First Published 17 April 2008, Last Updated 18 April 2008

Daniel Mays is only 28, but has already forged an exciting career. He is part of Mike Leigh’s family of actors, starring in two of the director’s films, he appears in the multi-award nominated Atonement and, most noticeably, he has built a reputation for bringing controversial characters to the stage, most memorably in the Royal Court’s Motortown. Now he is back at the Court appearing as the adult in child/teacher relationship drama Scarborough. Matthew Amer met the Royal Court’s most consistent young performer to discuss his new project.

“I relish the fact that people think of me as a Royal Court actor,” says Mays when we meet at the Jerwood Space, where he has just begun rehearsals. “My reputation that I have with everybody at the Court is just so priceless to me.” Scarborough is the sixth production that Mays has appeared in at the Sloane Square venue, where he has worked under two different artistic directors and forged his reputation for bringing eccentric, controversial, even psychotic characters to the stage.

He describes his speciality as “young men on the brink”; characters such as Danny in Motortown, who came back from war but couldn’t readjust to a changed world, and Patsy in The Winterling, a wannabe hoodlum full of nervous energy primed to explode. “I enjoy the investigation of trying to make people like that as human as possible and as rounded as possible,” Mays explains. “It’s not just about me going on stage and playing psychopaths or people who do horrific things, it’s asking deeper questions as to why in life do people do the things that they do. It’s because of where they’re from and their background and who their influences are. My job as an actor is to make it as three-dimensional as possible.”

"If the audience has made any judgments in the first act they’ll re-evaluate how they feel about it watching our version"

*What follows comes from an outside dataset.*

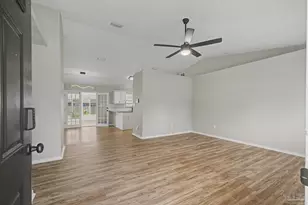 4360 Marilyn Ct, Gulf Breeze, FL 32563 - Photo 3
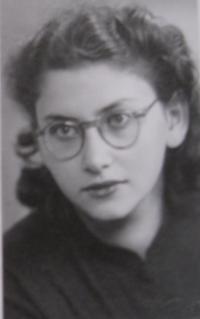 Fotografie sedmnáctileté paní Dagmar - rok 1946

His latest ne’er-do-well strays away from psychotic tendencies, but is no less controversial. Mays is currently playing a 29-year-old teacher in a relationship with his 15-year-old student in Fiona Evans’s Scarborough, a piece that was originally seen at the Edinburgh Festival. After its Scottish success the Royal Court decided to bring it to London, but with one alteration. At the festival it was a one act play with a female teacher and male student on a weekend trip to the coastal resort. For London, a second act has been added with the genders swapped, but most of the text untouched.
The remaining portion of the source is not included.